I recently celebrated my 25th year of working from home. The first ten were pre-Internet for me. I started out in Paris from where I directed projects around Europe, Japan, and Hong Kong, so there was a lot of travel involved. Since returning to America in 1991, I have continued to travel on a regular basis, so some of the “working from home” gets subtracted.
All the same, there’s a lot to celebrate when compared to a daily commute of one hour each way and the mixed blessing of seeing the same crew day after day.
I can be at my desk 60 seconds after waking and often am.
I can largely choose what hours I work.
I do not have to put up with co-workers slouching into my office to bitch about the boss or tell me about how they are paneling the basement or how about that Vikes game.
I have a kitchen fifty feet away.
The “men’s room” is fifteen feet away.
I have a window looking out on my Japanese garden.

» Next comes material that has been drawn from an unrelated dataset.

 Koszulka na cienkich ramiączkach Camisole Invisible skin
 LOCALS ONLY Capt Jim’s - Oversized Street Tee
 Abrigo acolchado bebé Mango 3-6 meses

No one listens in on my telephone conversations except my dog.
I am not called in to pointless meetings merely because of my proximity to the conference room.
I estimate that I have worked about 9 hours per day, 48 weeks per year = 240 days per year. That is exactly 6,000 work days. I estimate one in four was travel, leaving 4,500 days.
What I have saved:
Presuming two hours’ commute time and one hour of bullshit conversations per day:
4,500 days * 3 saved hours = 13,500 hours ~ 562 days to live the rest of my life.

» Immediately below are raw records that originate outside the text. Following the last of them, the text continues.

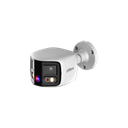 Bullet IP WizSense de focal fija y empalme TiOC Duo de 2x4MP 20m IR
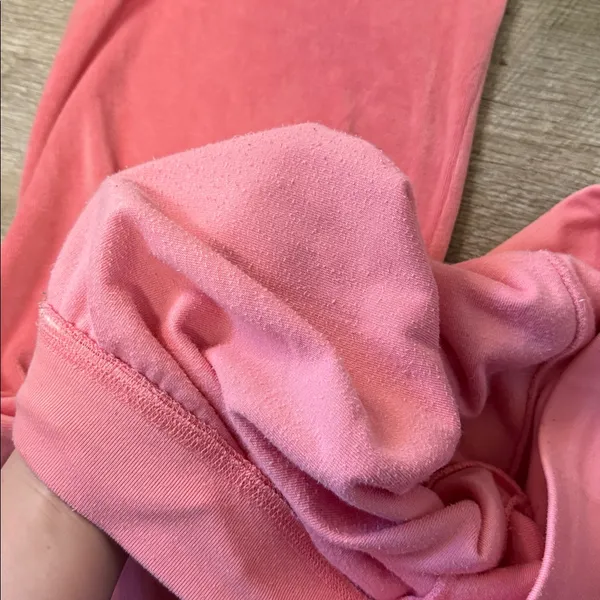 Y2K Juicy Couture Pink Velour Lounge Pants Size L - Image 3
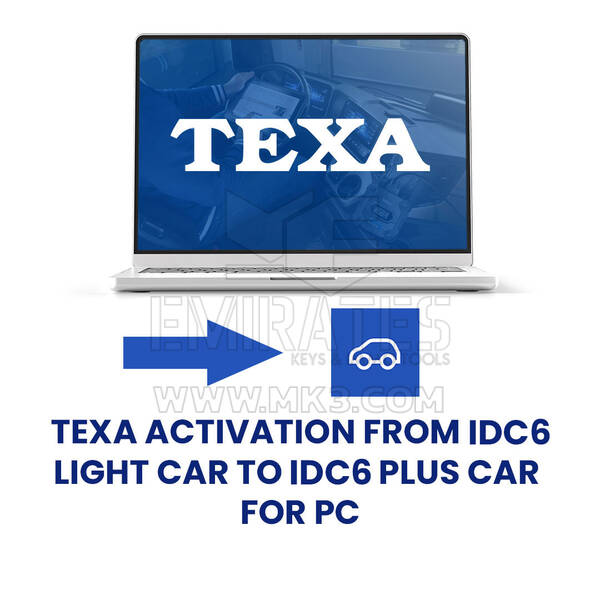 Texa Activation from IDC6 LIGHT CAR TO IDC6 PLUS CAR Upgrade For PC (J2120000300000)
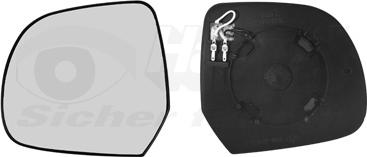 Van Wezel 1555837 - Vetro specchio, Specchio esterno www.autoricambi360.it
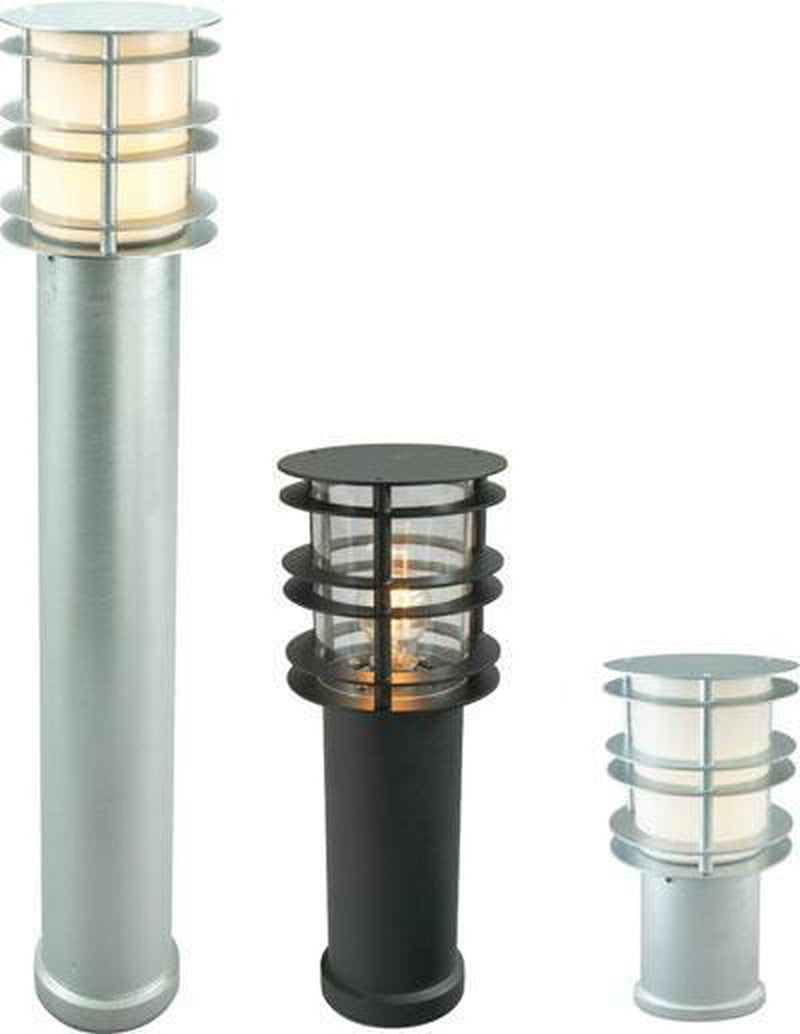 Stockholm pullert 297- Svart-Utebelysning pullert-Norlys-3109982-Lightup.no
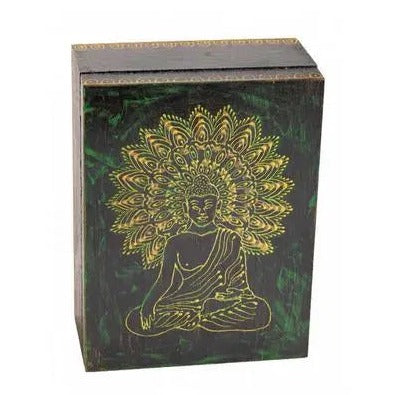 Buddha Sun Holzbox Handbemalt groß Ritualmanufaktur®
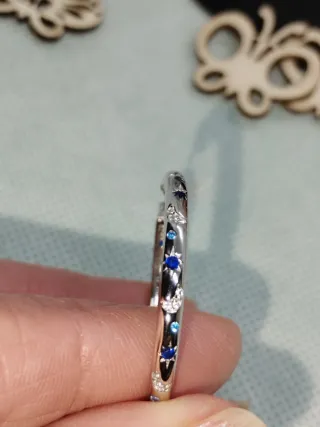 Pendientes Aro Plata Estrellas/Lunas Circonita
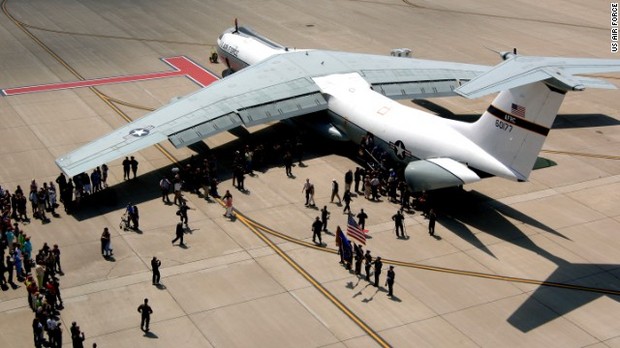 Ｃ－１４１スターリフターもベトナム戦争で兵員を輸送＝US AIR FORCE提供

Presuming an average of $8 per day of gas (not to mention all the car mileage), a direct savings of $36,000. Probably have saved on parking as well.
I cannot accurately gauge what I’ve saved on business clothing (suits, ties, shoes) but if we consider 1 $500 suit per year, that would make another $12,500. (I have yet to invest in a bathrobe with my company’s logo.)
There have been some additional costs such as having my own phone line for the fourteen years I’ve been an independent (~ $12K), as well as printers and office supplies (~$10K). Any other down side? Nope.
Better productivity, tangible savings of nearly $30,000, and a sense of liberty no office could ever provide.
Best. Career. Decision. Ever.
I started my at-home career in 1989 when the Loma Prieta earthquake destroyed the road I used to commute. It has continued on two continents and three time-zones. Until time sinks like Facebook and blogging showed up, I was amazingly efficient. Now I find myself commenting on my friends blogs and not getting nearly as much done as before :)
ReplyDeleteSeriously, if only the tax codes, business incentives, and contracting policies of big vendors were more in line with working from home, life would be really sweet.